Pianist George Li's delicate intensity gives Rachmaninoff's ideas time to unfold

George Li
Sydney Morning Herald

Pianist George Li played Rachmaninoff's Piano Concert No. 2 in C minor, Opus 18 with overarching musical concentration that engendered clarity of shape and melodic lines of expressively calibrated nuance. When required, his playing is brilliantly virtuosic but that alone does not create the absorbing listening, he and the SSO under David Robertson created.

In the often appropriated second movement melody (Seven Year Itch and Bridget Jones' Diary among others) each note was weighted with delicate intensity to build an arch of expansive emotional weight. Throughout the concerto the tempos were unhurried and were drawn out to allow ideas their own time to unfold.
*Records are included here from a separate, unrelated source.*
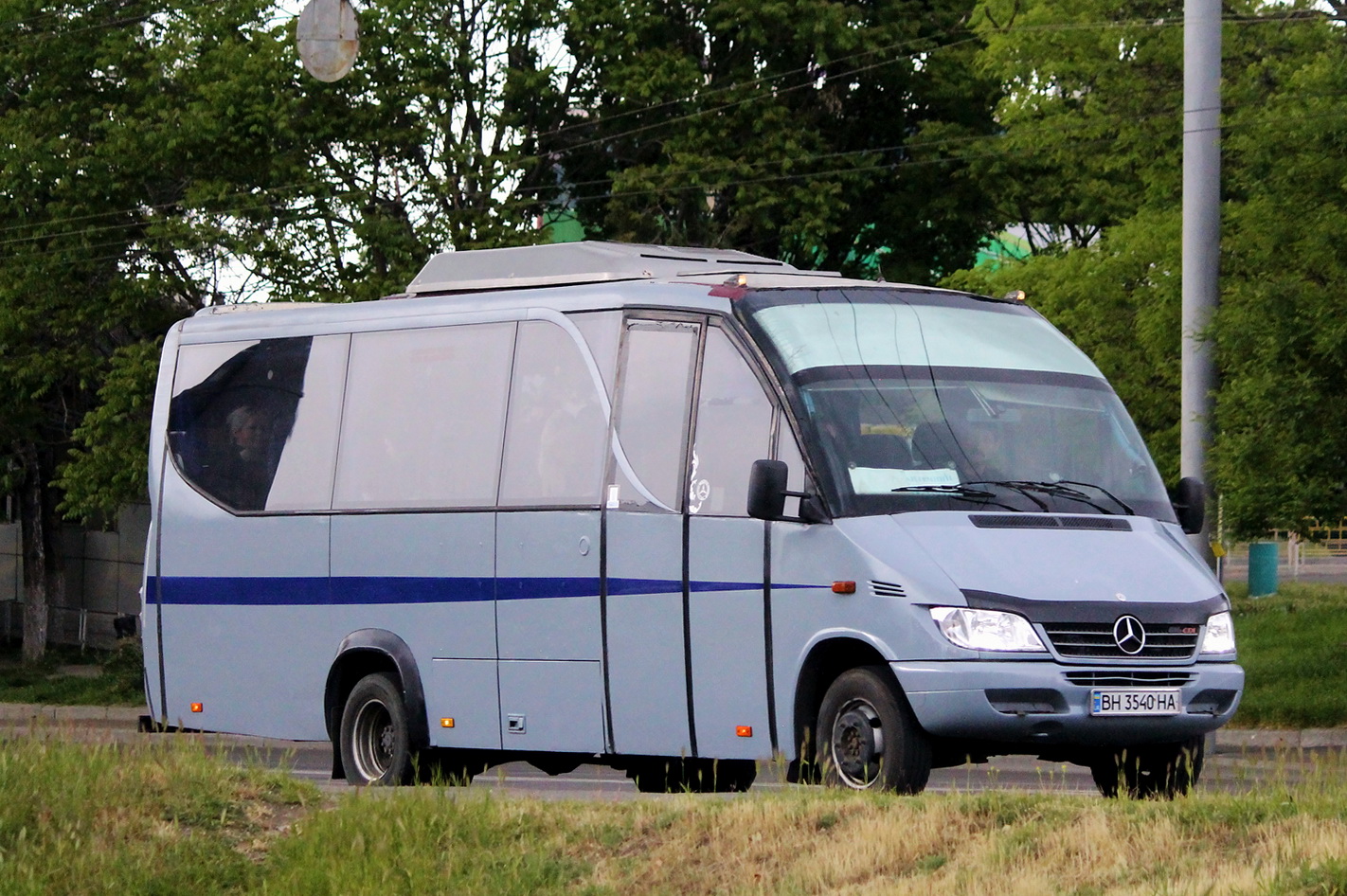 Одесская область, Nortebus Aveo № BH 3540 HA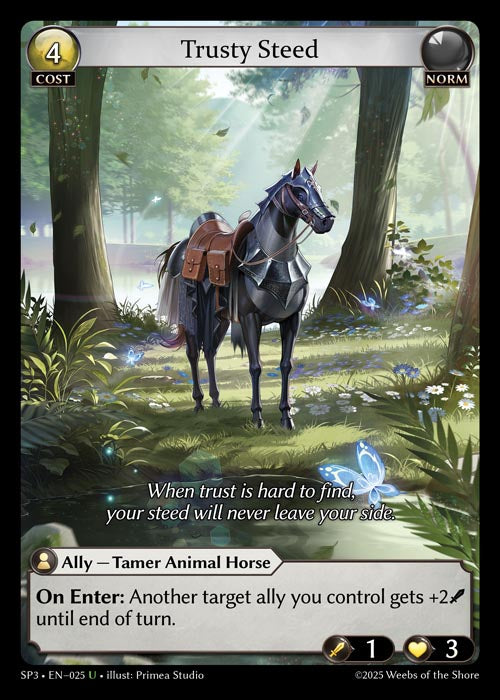 SP3-025 Trusty Steed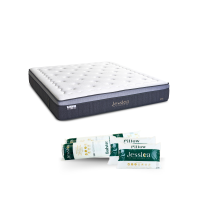 ราคา Jessica Bedding ที่นอน JESSICA ระบบพ็อกเก็ตสปริงมาตรฐานแน่นพิเศษ หนา 12 นิ้ว รุ่น MIRA ขนาด 5 ฟุต สีขาว (MKP1336566)
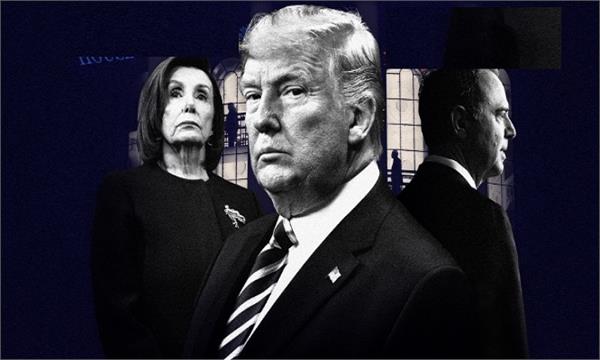 trump impeached house
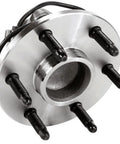 6 Lug Front Wheel Hub And Bearing Assembly With ABS For 2WD Chevy GMC Silverado Sierra 1500 Tahoe Escalade And More OEM Grade Replacement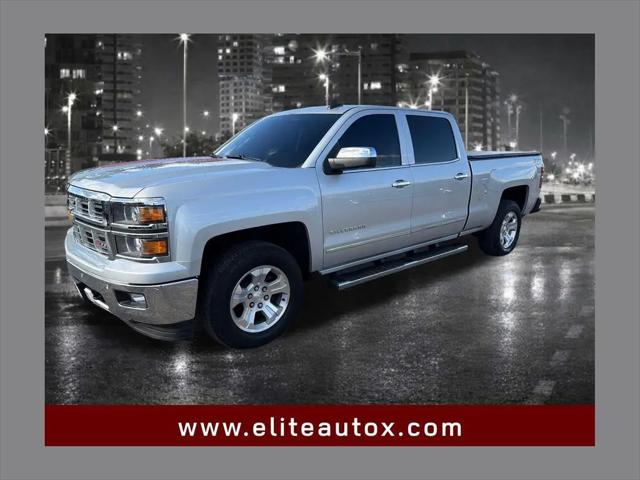 2015 Chevrolet Silverado 1500 2LZ for sale near Huber Heights, OH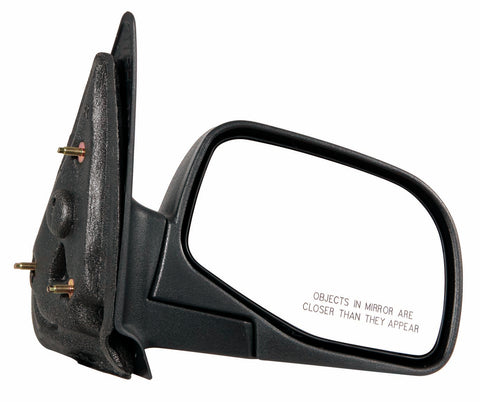 For Ford Ranger 1998 99 00 01 02 03 04 2005 STYLED/ Mazda Pickup 1998 99 00 01 02 03 04 2005 (1998 SE) Manual Mirror Passenger Side (Textured) 4L5Z17682BAA FO1321165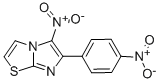 5-Nitro-6-(4-nitrophenyl)imidazo(2,1-b)thiazole CAS#: 16311-38-9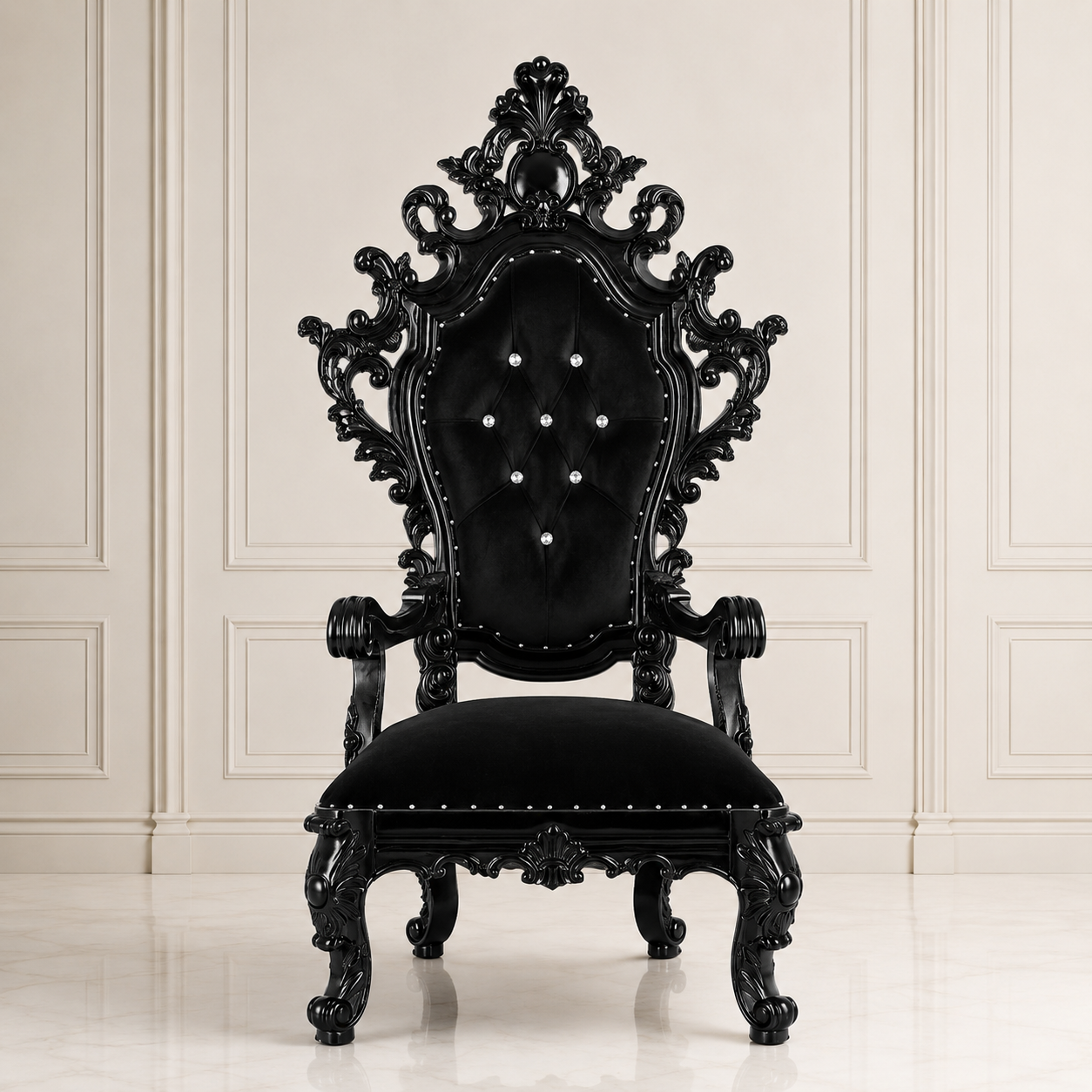 King Darius Royal Throne Chair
In the expressive second theme of the finale, other pianists underplay it at first to keep more in reserve for the final appearance, yet Li's musical focus nevertheless maintained attention. Continuing the SSO and Robertson's exploration of American John Adams, the opening work, The Chairman Dances, written in connection with an early version of his opera Nixon in China, overlaid skilfully-crafted minimalist layers, with a wide gestural range from the hypnotic to the outrageous.

Prokofiev Symphony No. 5 in B flat, Opus 100 also spanned a wide range reflecting a conflicted Soviet artist, with uplifting optimism in its opening theme (which returns at the end) and sardonic grotesquery, mechanistic parody and human emotionality in between. The SSO and Robertson depart for a tour of China with an inspiring season of memorable performances behind them.